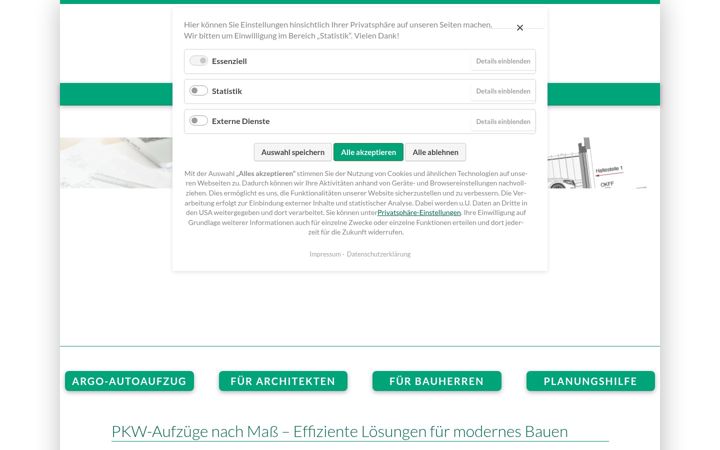 Ekrano kopija baumann-aufzuege.de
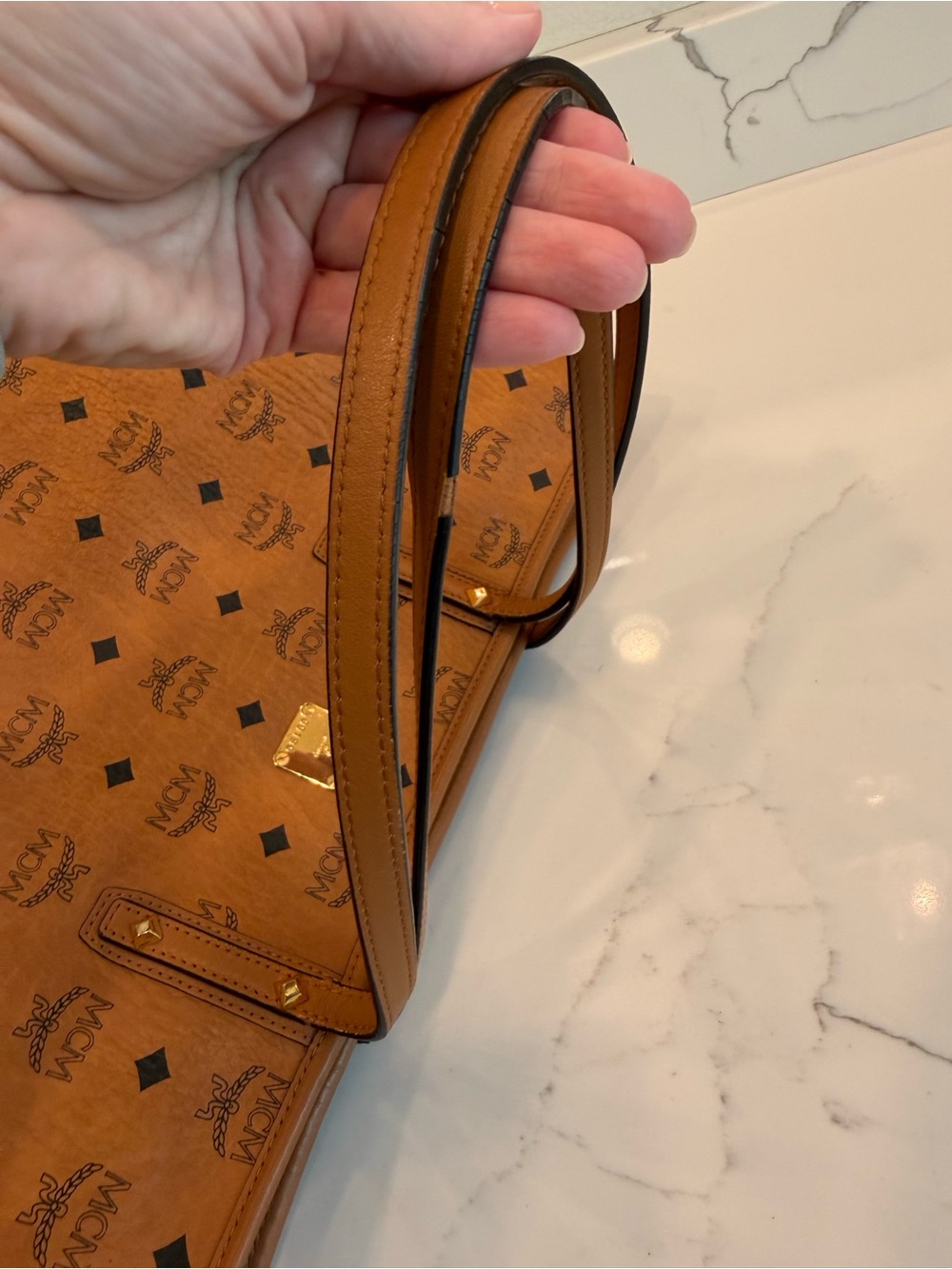 MCM Cognac Visetos Heritage Tote Bag - Picture 5 of 12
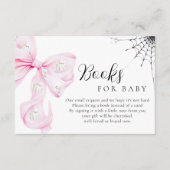 Little Boo PINK Bow Baby Shower Books forベビー エンクロージャーカード (正面)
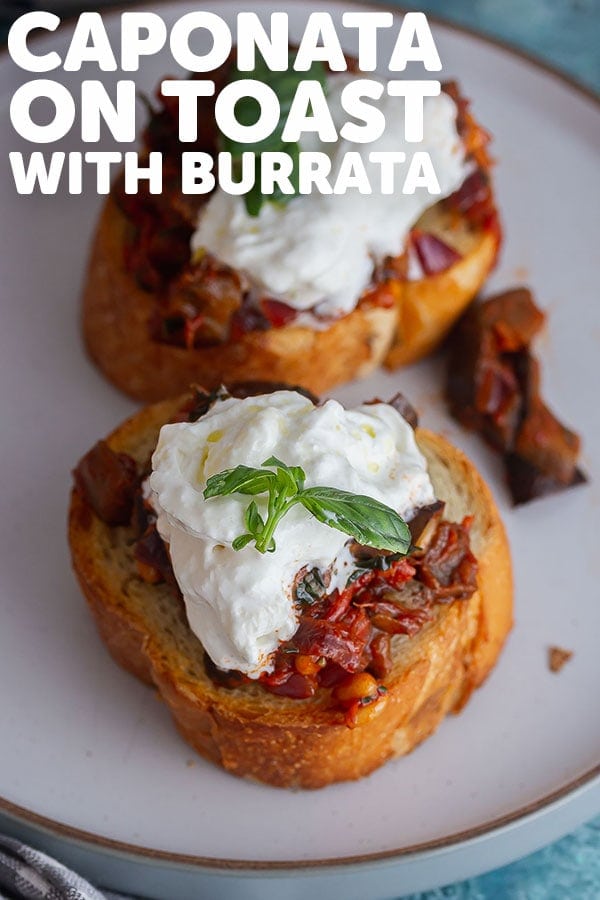 Pinterest image for caponata toasts with text overlay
== == ==
A word-for-word copy of the lines from the one with "Little Boo PINK" through the last line of the data above is required, with both end lines included and no pictures.

RESULT FOR THIS TASK —
 Little Boo PINK Bow Baby Shower Books forベビー エンクロージャーカード (正面)
 Pinterest image for caponata toasts with text overlay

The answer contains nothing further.